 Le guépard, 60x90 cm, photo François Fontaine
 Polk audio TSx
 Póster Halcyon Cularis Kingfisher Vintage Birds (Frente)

## Task details
Would you return all of the material exactly as written?

## Solution for this task
 Le guépard, 60x90 cm, photo François Fontaine
 Polk audio TSx
 Póster Halcyon Cularis Kingfisher Vintage Birds (Frente)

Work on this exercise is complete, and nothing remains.